Over the past few days, the PAP
Government has been running a campaign to discourage people from
coming to the Burmese embassy.
It started off with ASP
Deep Singh telling the petitioners last Sunday to leave the area
as five or more people constituted an illegal assembly, the first
day of the letter campaign.
When
that failed, the police resorted to stationing themselves at the
entrance to St Martin's Drive, stopping visitors and taking down
their particulars. The officers were turning people away. This
too had limited effect, as people still came in numbers.
Over
the next few days, some letter-writers to the Straits Times
started saying that the SDP was making use of the plight of the
Burmese for our own ends.
This was a ridiculous
accusation.
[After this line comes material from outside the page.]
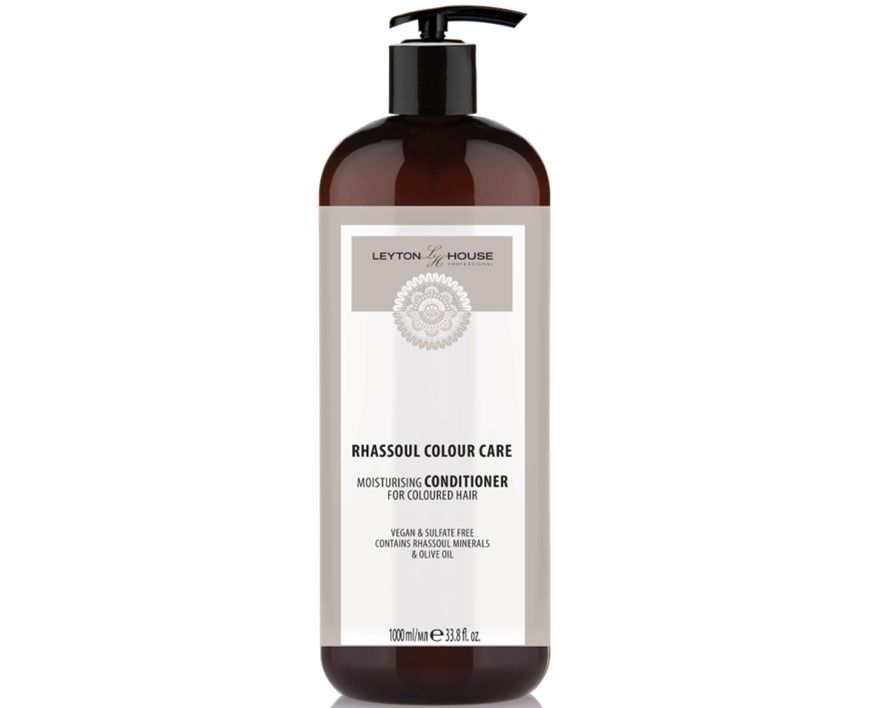 Leyton House Rhassoul Colour Care Conditioner 1000ml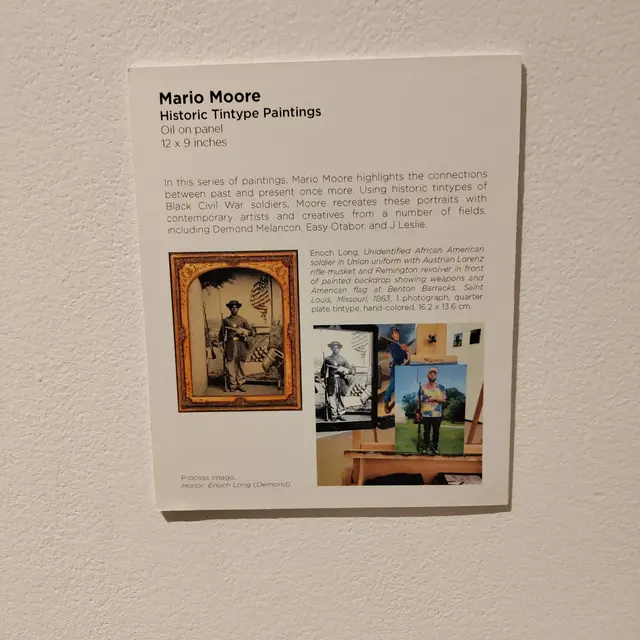 Customer photo of work by Arthur Roger Gallery, from Carolyn Ferrari's review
The Singapore Democrats have been following and
speaking up on the situation in Burma for more than 10 years
now.
As early as 1996, we published an article in our
newspaper, The New Democrat, about the Singapore
Government's investments in Burma, and called for the release of
Daw Aung San Suu Kyi.
Dr Chee himself has through the
years written about Burma and spoken at various conferences about
the repression there. In fact, one of the chapters in his book To
Be Free is about Burma and Aung San Suu Kyi. The chapter has
even been translated and published in Sweden.
In any event
the police did not let up the pressure on the SDP's petition
campaign. The Singapore Democrats understand that some monks in
Singapore wanted to hold a prayer session outside the Burmese
embassy but was told not to do so by the police.
We
also heard from various sources that the police have been asking
the monks at the temples to tell the devotees not to go to the
embassy. The police themselves were warning Burmese nationals at
the Peninsula Plaza not to attend the SDP's petition-signing
campaign.
Other petition campaigns were subsequently
organised and the local media quickly played up these events. The
SDP is told that the police even provided buses to transport
petitioners from Peninsula Plaza to the petition sites.
Back
at the Burmese embassy, nearly 1,100 signatures were collected
over a period of eight days. This is despite all the silly
politicking and intimidation by the Singapore Government.
The
table will remain at St Martin's Drive for one final night
tonight. It seems like we have been at the site for such a long
time that one volunteer quipped that the table has now become
15-A St Martin's Drive.
Whatever happens from here, one
thing is clear: something historic happened outside the Burmese
embassy. Apart from the fact that the Burmese came in droves to
vent their anger and say their prayers for their homeland, and in
the process created a memorial-shrine of messages, flowers and
candles, Singaporeans also learned how public civil action can be
conducted in a dignified and peaceful manner.
For our
friends from Burma, justice cannot come sooner. We stand in
solidarity with you.
For
our fellow Singaporeans, our own quest for freedom and democracy
is just beginning.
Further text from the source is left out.